Cioè rispetto alla liquidazione di un ordinario procedimento espropriativo viene corrisposto al proprietario un indennizzo, per il pregiudizio patrimoniale e non patrimoniale, del 10 % sul valore venale del bene, senza la necessità di una dimostrazione che tale danno si sia effettivamente verificato, e quindi non solo il bene oggetto dell’acquisizione viene pagato a prezzo di mercato ma subisce un ulteriore incremento del 10% non previsto dall’art. 43 dichiarato anticostituzionale.
Inoltre, rileva la Corte che l’art. 42 bis rende inapplicabile il 1°comma dell’art. 37 del T.U. escludendo, pertanto, la riduzione del 25% prevista per le espropriazioni finalizzate ad interventi di riforma economico – sociale.

- la stima differenziale
Chiarisce che l’Art. 42 bis non esclude la stima differenziale prevista dall’art. 40 della L 2359 del 25 giugno 1865, ma la contempla.
Infatti, il comma 1 dell’art. 42 bis, basandosi il valore del bene da indennizzare sul valore venale, consente di ricondurre al suo interno (valore venale) qualunque sistema di calcolo per l’individuazione di tale valore includendovi sia le colture effettivamente praticate, i soprassuoli ed eventuali deprezzamenti dei suoli residui (Art. 33 del T.U.).

- la percentuale per l’indennità di occupazione era inferiore a quanto previsto dall’art. 50 del T.U
Mette in evidenza che pur essendo l’indennità di occupazione illegittima calcolata con una percentuale inferiore a quanto previsto nel caso di un processo espropriativo legittimo, il comma 3 dell’art. 42 bis “contiene una clausola di salvaguardia in base alla quale viene fatta salva la prova di una diversa entità del danno”.

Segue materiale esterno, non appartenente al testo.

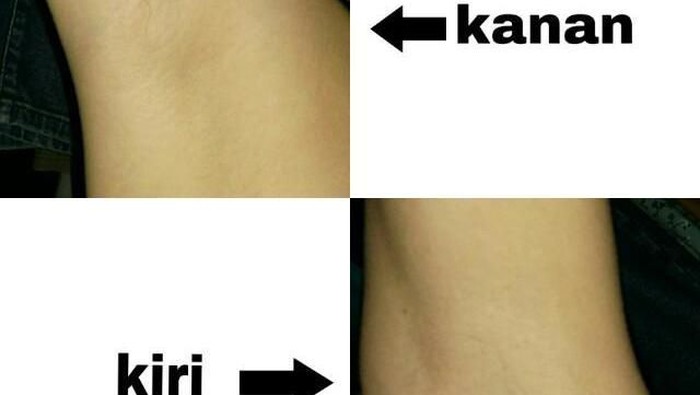 [FORUM] Kelainan hormon atau apa? Menurut kamu aneh gak sih usia >20 tahun tapi belum tumbuh bulu ketiak?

Pertanto, non viene esclusa una percentuale di danno maggiore ma in questo caso, contrariamente a quanto previsto dal 1° comma dell’art. 42 bis in cui si riporta che “spetta al proprietario un indennizzo per il pregiudizio patrimoniale e non patrimoniale”, pari al 10%, da non dimostrare, nel caso dell’indennità di occupazione il maggior danno, rispetto alla percentuale prevista, deve essere dimostrato.